One in five U.S. households used an online grocery delivery service during the prior month, according to the study, released Wednesday by Mercatus. Among the households that chose not to use delivery, the top two reasons were tied at 62% each between “I do not want to pay for the extra charges, fees and tips” and “I like to select my own fruits and vegetables.”
The oldest customer group, those over age 60, was significantly more concerned with picking their own produce versus younger shoppers (75% vs. 53%), while the desire to avoid paying the service-related costs was the same across all age groups. Only one in seven households (14%) cited “the products are more expensive online than in the store” as a reason for not using a delivery service.
“If you are a grocery delivery customer — especially one using a third-party marketplace — it’s understandable that you may want to find ways to pay less given inflation’s impact on purchasing power,” explained Mark Fairhurst, vice president of marketing at Mercatus. “These incremental costs, including delivery fees, shopper service charges, fuel surcharges and even a very modest tip, are some of the last things customers view during the checkout stage, and they can add $20 or more to the bill.”
So given the choice, customers are much more likely to select a time slot later the same day, or even the next day, if that meant they could pay a lower delivery fee, Mercatus found.
When presented with a fixed fee of $9.95 for a large order (greater than $100), over 30% of customers selected to receive their order within 30 to 60 minutes, more than 40% selected to receive it within one to three hours, and fewer than 10% opted for the next day or later. However, when offered a variable fee that scaled down as the delivery time was extended, the share of shoppers that selected delivery within the 30- to 60-minute and one- to three-hour windows declined by more than half, while over 40% of customers selected to receive the order next day or longer.

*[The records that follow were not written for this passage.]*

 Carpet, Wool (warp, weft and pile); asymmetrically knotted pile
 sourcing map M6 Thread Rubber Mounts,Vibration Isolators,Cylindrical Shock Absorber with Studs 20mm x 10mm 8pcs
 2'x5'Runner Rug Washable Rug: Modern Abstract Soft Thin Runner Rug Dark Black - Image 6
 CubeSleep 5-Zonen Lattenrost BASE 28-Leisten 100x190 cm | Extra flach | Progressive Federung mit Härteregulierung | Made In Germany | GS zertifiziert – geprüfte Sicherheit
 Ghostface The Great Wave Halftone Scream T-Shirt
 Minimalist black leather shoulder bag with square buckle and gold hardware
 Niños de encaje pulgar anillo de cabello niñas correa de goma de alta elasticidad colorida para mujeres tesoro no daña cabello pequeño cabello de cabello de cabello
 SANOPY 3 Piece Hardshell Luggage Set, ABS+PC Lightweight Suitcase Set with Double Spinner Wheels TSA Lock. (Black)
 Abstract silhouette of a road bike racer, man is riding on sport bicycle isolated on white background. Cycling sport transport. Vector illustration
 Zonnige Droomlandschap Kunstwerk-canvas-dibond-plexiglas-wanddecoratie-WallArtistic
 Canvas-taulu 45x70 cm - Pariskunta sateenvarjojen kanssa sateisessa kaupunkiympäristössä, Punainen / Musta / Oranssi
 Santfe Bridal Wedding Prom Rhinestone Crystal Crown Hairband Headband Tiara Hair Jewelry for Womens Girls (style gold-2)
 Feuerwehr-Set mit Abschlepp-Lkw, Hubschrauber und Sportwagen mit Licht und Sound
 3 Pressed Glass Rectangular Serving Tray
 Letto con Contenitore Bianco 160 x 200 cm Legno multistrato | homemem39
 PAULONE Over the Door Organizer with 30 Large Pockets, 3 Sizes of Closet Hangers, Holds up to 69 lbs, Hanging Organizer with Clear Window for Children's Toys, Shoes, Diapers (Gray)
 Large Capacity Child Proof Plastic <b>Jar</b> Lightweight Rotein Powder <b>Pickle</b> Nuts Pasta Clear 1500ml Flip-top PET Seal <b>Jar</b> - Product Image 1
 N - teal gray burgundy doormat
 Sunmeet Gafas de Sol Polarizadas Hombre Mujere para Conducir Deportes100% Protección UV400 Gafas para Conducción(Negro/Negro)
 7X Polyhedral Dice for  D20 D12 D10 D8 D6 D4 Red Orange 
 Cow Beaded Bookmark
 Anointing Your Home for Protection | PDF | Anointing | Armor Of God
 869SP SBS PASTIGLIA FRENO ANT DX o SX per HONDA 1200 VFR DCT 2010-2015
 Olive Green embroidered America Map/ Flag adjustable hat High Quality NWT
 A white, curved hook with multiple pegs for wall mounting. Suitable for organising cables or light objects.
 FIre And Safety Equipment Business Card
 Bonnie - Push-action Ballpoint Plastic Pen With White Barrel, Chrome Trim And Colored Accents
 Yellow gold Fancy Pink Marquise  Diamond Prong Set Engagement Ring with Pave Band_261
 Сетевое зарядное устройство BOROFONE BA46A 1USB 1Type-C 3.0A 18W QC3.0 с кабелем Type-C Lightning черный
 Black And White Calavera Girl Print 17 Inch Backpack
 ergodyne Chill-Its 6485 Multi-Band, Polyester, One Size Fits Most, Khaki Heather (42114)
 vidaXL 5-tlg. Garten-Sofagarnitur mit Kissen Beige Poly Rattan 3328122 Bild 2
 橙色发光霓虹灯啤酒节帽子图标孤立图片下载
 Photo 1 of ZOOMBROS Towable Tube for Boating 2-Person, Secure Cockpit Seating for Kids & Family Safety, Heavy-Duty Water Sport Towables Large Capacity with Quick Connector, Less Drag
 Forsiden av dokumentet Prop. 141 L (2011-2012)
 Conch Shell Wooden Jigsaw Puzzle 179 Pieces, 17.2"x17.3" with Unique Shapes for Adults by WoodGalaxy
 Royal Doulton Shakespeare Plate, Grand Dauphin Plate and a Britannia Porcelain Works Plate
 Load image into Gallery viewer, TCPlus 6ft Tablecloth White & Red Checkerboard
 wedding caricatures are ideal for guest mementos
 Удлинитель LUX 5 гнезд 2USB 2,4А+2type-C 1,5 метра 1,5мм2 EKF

“These findings reinforce the idea that customers are more sensitive to the added service costs that they can plainly see,” commented David Bishop, partner at Brick Meets Click, which focuses on how digital technology impacts food sales and marketing. “This makes sense, because accurately perceiving differences in product pricing online versus in-store, even with known value items, requires more effort on the customer’s part.”
Today, most customers only need to choose when they’d like to receive their order, as the delivery fee at that point is usually fixed. But the Mercatus/Brick Meets Click research found grocers should consider a variable fee approach based on when a customer would like to receive the order.
“Grocery customers don’t want to pay more than they must, and the explicit fees that come with online delivery are a big speed bump,” noted Sylvain Perrier, president and CEO of Mercatus. “Other aspects of this research reinforce that grocery customers shop regional grocers for different reasons than big-box mass retailers like Target or Walmart. Being more convenient is the main reason customers prefer grocery over a mass retailer, followed by the quality of the products they want to buy.”
The Mercatus omnichannel shopper behavior research was conducted by Brick Meets Click via an online survey on June 30 and July 1 with 1,847 U.S. adults. The current research, the first of a three-part series, also explored other areas of importance for regional grocers, including where households primarily shopped, how the customer demographics varied by retailer type and reasons for selecting a primary grocery store.